LEARNING CURVE

This guide provides the standard operating procedure for generating high-fidelity ground truth masks using IntrekSAM. Follow these phases to ensure temporal consistency and physical accuracy across your datasets.

🛠 Interface & Shortcut Reference

Button / Element	Function	Shortcut
Canvas	Interactive display area for video playback and for placing positive (Left-Click) and negative (Right-Click) prompts.	`Left/Right Click`
Load Video	Opens a file browser to manually select and load a video file.	-
Load Video Frames	Imports a sequence of pre-extracted images from a specified directory. Use it in case of long videos and limited resources.	-
Load Auto	Automatically retrieves the next assigned video from the input directory.	-
Load Next	Loads the next available video from the input directory.	-
Play / Pause	Toggles the SAM 2 propagation engine to start or stop mask tracking.	`Middle Mouse`
Undo Points	Removes the placed positive and negative prompts of the selected class on the current frame.	-
Clear Annotations	Flushes all predicted and manual masks of all classes from the current frame to the end of the video.	-
Export Annotations	Exports all masks generated in the current video to the output directory.	-
Taxonomy Sidebar	List of selectable instrument classes (e.g., Spatula, Phaco Tip) used to label the active mask.	`[Id]` (e.g., `7`)
`<<` Button	Steps the video backward by a single frame for precise alignment.	`Left Arrow`
`>>` Button	Steps the video forward by a single frame for precise alignment.	`Right Arrow`
Frame Slider	Allows for rapid scrubbing and navigation through the entire video duration.	-
Frame Counter	Displays the current frame index relative to the total frame count of the video.	-
Status Update	Console log providing real-time feedback on user actions and system coordinates.	-

Annotation Guide: Standard Operating Procedure

Follow these phases to generate high-fidelity ground truth masks. This workflow is optimized for the Cataract-1K dataset to ensure temporal consistency and physical accuracy.

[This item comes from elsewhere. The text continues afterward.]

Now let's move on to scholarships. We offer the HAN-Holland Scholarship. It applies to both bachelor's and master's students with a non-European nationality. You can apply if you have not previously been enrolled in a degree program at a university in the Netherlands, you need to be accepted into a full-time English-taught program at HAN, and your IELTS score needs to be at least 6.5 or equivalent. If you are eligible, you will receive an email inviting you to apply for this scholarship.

Phase 1: Ingestion & Tool Identification

Initialize: Launch the IntrekSAM application.
Data Loading: Click Load Auto to automatically retrieve the next unannotated video from your input directory.
- Alternatively, use Load Video to select a specific sequence manually.
- Or, use Load Video frames to load pre-extracted image directories. This method is optimized for long-duration videos that exceed standard hardware memory buffers.
Define Target: From the Class Selection Sidebar, select the label corresponding to the instrument you intend to track (e.g., Phaco Tip).

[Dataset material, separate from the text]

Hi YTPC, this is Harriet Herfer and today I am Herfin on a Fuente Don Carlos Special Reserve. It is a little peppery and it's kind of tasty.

Phase 2: Semantic Seeding (Initial Frame)

Locate Clear Frame: Use the Frame Slider to find a frame where the target tool is clearly visible and its boundaries are distinct.
Interactive Prompting:
- Positive Prompts (Left-Click): Place points on the tool body to define the mask area.
- Negative Prompts (Right-Click): Place points on specular reflections, fluid bubbles, or background tissue to refine the mask edges.
Verify Mask: If a "transient mis-click" occurs, use Undo Points to remove all points in the current frame for selected class. Ensure the mask perfectly encapsulates the physical tool before proceeding.

Phase 3: Temporal Alignment & Tracking

The Rewind Rule: For the initial setup of a tool, drag the slider back to the frame immediately before the tool enters the field of view.
Initiate Tracking: Press Play. The SAM 2 engine will begin tracking the tool from its point of entry using the established semantic memory.
Monitor Propagation: Observe the Main Display Canvas as the mask propagates forward through the sequence.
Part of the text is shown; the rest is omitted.